Etwa 750 Planeten unterwerfen sich zum Zeitpunkt der Drucklegung dieser Auflage freiwillig der Jurisdiktion und Legislative der Starchont-Gemeinschaft. Sie teilen technische Normen, einen klar umrechenbaren Kalender, Währung, ein literaturfähiges Basis-Argot und den schnurrigen Umstand, dass die meisten Rassen, sofern mit ausreichender Leidenschaft geschlagen, miteinander biologisch meist folgenlose, aber häufige sexuelle Interaktionen vornehmen können; zwischen Homo sapiens und den Vulpeculiden des Bugel-Zezere-Planeten-Archipels, den Felidae von Kilkissa und den Nöck-Nixen-Wesen von Saundrach (und vice versa) werden sie gern wahrgenommen. Andere Konstellationen überraschend grotesk-barocker Art wurden tatsächlich ernsthaft versucht, führten jedoch bei fast allen Beteiligten zu begreiflicher, andernorts viel belächelter Missstimmigkeit.
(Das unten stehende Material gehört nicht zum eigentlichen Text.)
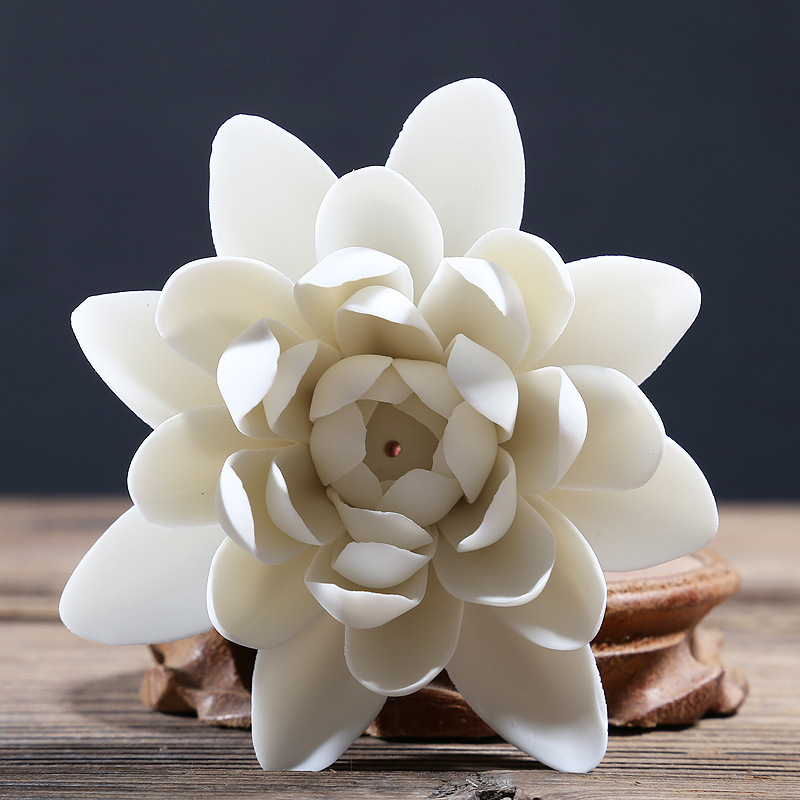 Chinese handmade ceramic lotus incense holder lotus tea pet ceramic decoration creative pen kung fu tea set Accessories Wholesale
Ebenso wie die Schönheit, wie’s im Buch der Bücher heißt, im Auge des Betrachters liegt, gärt Xenoerotik wohl meist im unteren Rückenmark der Interessenten.«

 

Khustar Siard zuckte zusammen, als die letzten Namen der Durchmusterung auf dem Monitor neben den Bildern und Filmsequenzen blinkten. Kühle Hände legten sich ruhig auf seine Schultern. Caia Nethe flüsterte neben seinem Ohr: »Ich wusste es längst, Chef Khustar. Dein Pflichtbewusstsein und deine Loyalität stehen außer Zweifel. Bewundernswert.«

Er unterdrückte ein zaghaftes Gähnen und legte seine Pranken auf Caias Hände. Über die Schulter gewandt sagte er bedächtig, als zitiere er den Poeten: »Du schliefst; es schien, als träumtest du Glückliches. Meine Loyalität würdest du, entzöge ich sie dir, schmerzlich vermissen. Ich habe eine Weile gewartet und dich angesehen. Wahrscheinlich weißt du nicht, wie liebenswert du aussiehst, wenn du schläfst.«

»Schwerlich. Ausnahmsweise, wie? Wirklich? Passt gar nicht zu mir, wie?«

»Selbst ein alter grauhaariger Felide weiß, dass sich dein Tagwesen drastisch vom Nachtwesen unterscheidet, Schönste.« Er grinste und deutete mit einer weit ausgefahrenen Kralle auf den Monitor. »Die Societaet ist, glaube ich, einen kleinen Schritt weitergekommen. Die Schwierigkeiten scheinen immens. Und vielleicht irre ich mich auch.«

»Deine Stimme klingt müde, Machtvollkommenheit.«

Khustar speicherte die übermittelten Daten, ließ sie ausdrucken und schaltete einige Geräte ab. Im Marshimmel, diesig vom Sauerstoffnebel, wurde Deimos’ perlmuttfarbene Oberfläche zu einem Schemen. Widerschein von Sternenlicht modellierte die Flanken des Eisplanetoiden, der in die Täler des »Labyrinths der Nacht« abgesenkt worden war und die nächtliche Ruhe mit dem peitschenden Knistern des Schmelzvorganges erfüllte.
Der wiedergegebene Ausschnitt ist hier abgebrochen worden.